I did it! I successfully recreated one of my favorite dishes from our recent visit to Florence. Admittedly, it was one of the easier recipes to replicate, if not the easiest, but sitting down to a piping hot bowl of Pappa al Pomodoro transported me back, nonetheless. Actually, before we get to the recipe let’s talk about food temperature. Has anyone else notice that restaurants in Italy serve their food exceptionally hot? And did anyone else enjoy it as much as me? Is that a thing? Or just a weird coincidence? Please address in the comments if you have any opinion or information on this, I am genuinely curious.

Now onto Tuscan Pappa al Pomodoro or Tomato and Bread Soup. As I mentioned, this dish is very straightforward, after all it was initially developed as a way to use stale bread.
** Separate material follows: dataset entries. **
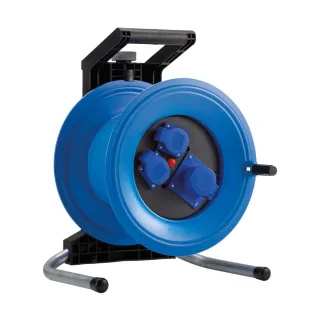HEDI Kunststoff-Kabeltrommel Professional Plus Ø 320 mm, leer - K3000TFC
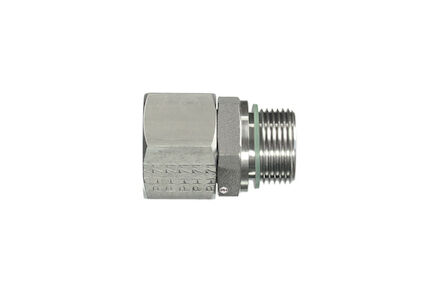 Stainless DKO Swivel Connector - Thread Metric Parallel with Elastomer Profiled Ring - Viton product photo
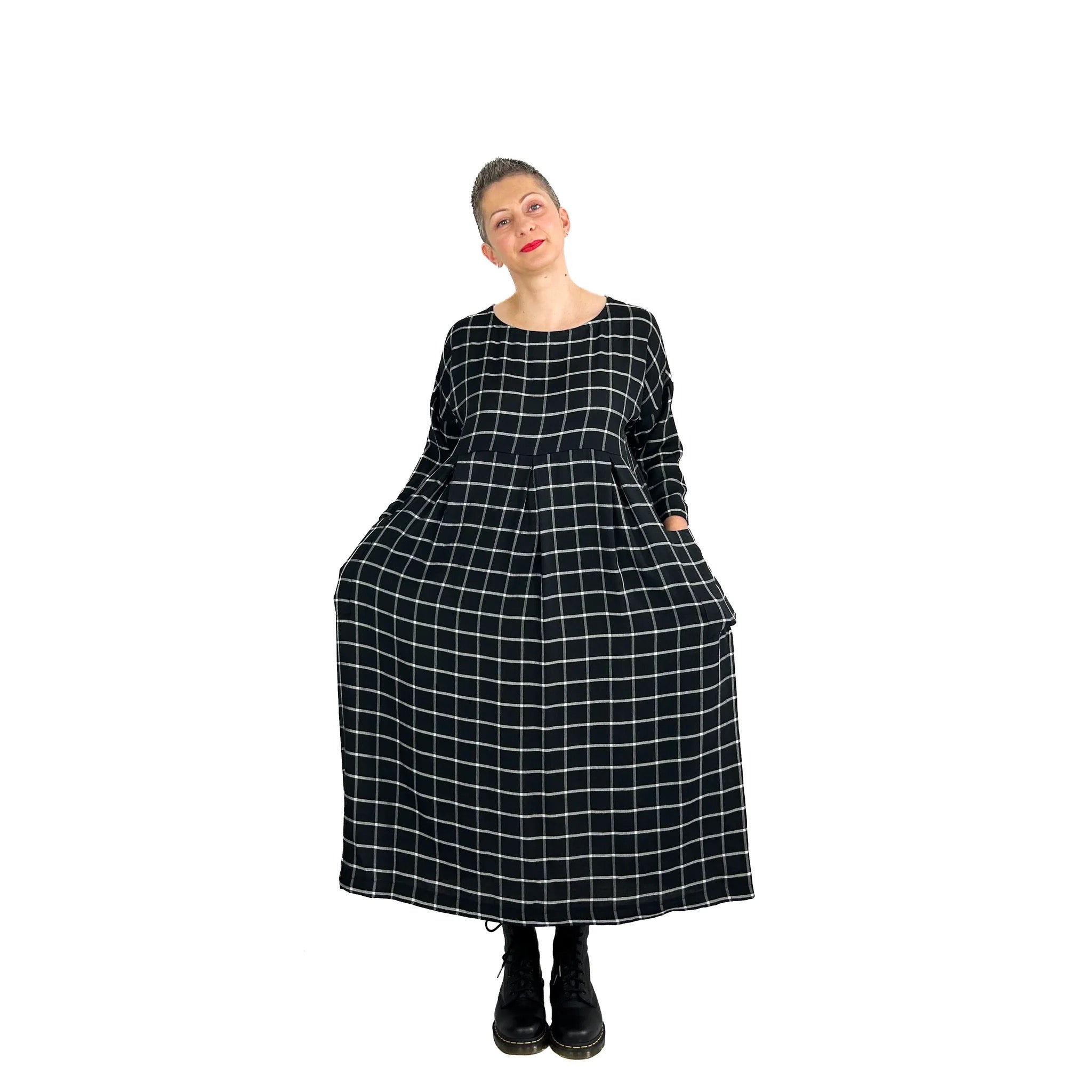 Dhurata Davies - Martha Dress - Paper Sewing Pattern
Therefore, I looked for recipes that honored that simplicity (sorry Ina, no fennel) while also replicating the extraordinarily thick texture of the version that I enjoyed at Trattoria 4 Leoni. This recipe from Serious Eats achieves both of these humble goals while also explaining the science, something I always appreciate. The major point Serious Eats clarified was the use of stale bread. If you have a loaf of rustic Italian bread languishing in your bread box, by all means, use it in this dish. But if you are headed to the supermarket with this recipe in mind, no need pick up a loaf and wait a week. The use of fresh bread is not only fine but makes for a faster preparation as in this scenario, the ingredients meld together more quickly.
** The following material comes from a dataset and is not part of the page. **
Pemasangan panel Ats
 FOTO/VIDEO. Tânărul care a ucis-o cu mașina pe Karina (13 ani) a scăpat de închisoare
On to the recipe. The only adaptation I made was that I prepared four cups of stock (instead of two) and used three cups. I noticed that while the soup was simmering it was becoming dry and sticking to the bottom of the pot. Yes, this soup is incredibly thick but it is custardy, not dry. There is a difference and it is an important one. So as I instruct in the recipe below, start with two cups of liquid which is added in a manner similar to risotto, by the ladleful waiting for the first batch to be incorporated before adding the next. And if you need to add more liquid during the cooking time, slowly introduce up to two additional cups.

We enjoyed the Pappa al Pomodoro with a sharply dressed arugula salad and glass of Chianti. It was the perfect Sunday supper. I hope that you find it to hit the spot any night this week. Enjoy!

Pappa al Pomodoro

Pappa al Pomodoro

Servings: 4

Ingredients

  • 2 Tbls extra-virgin olive oil, plus more for drizzling
  • pinch red pepper flakes
  • 2 cloves garlic, thinly sliced
  • 1/2 medium onion, minced about 1/2 cup
  • 1 28-oz can San Marzano whole tomatoes crushed by hand with juices
  • 2 sprigs fresh basil plus torn leaves for serving
  • 6 oz fresh or stale rustic bread, torn or cut into 1-inch chunks
  • 4 cups warm vegetable or chicken broth you may only use 2 cups
  • Kosher salt and freshly ground black pepper

Instructions

  • In a large saucepan, heat 2 Tbls olive oil over medium heat until shimmering. Add red pepper flakes and garlic and cook, stirring, until garlic just begins to turn golden. Add onion and cook, stirring, just until softened, about 5 minutes. Add hand-crushed tomatoes and their juices, along with basil sprigs, and bring to a simmer.
  • Stir in bread. Ladle stock on top, one cup at a time, stirring to combine–initially adding two cups of stock. Simmer bread, adding more stock as needed (I added three cups total), until bread is completely softened and custardy and soup has thickened to a porridge-like consistency, about 25 minutes. Season with salt and pepper. Discard basil sprigs.
  • Spoon into bowls, generously drizzle with olive oil, and grind black pepper on top. Garnish with torn basil leaves and serve.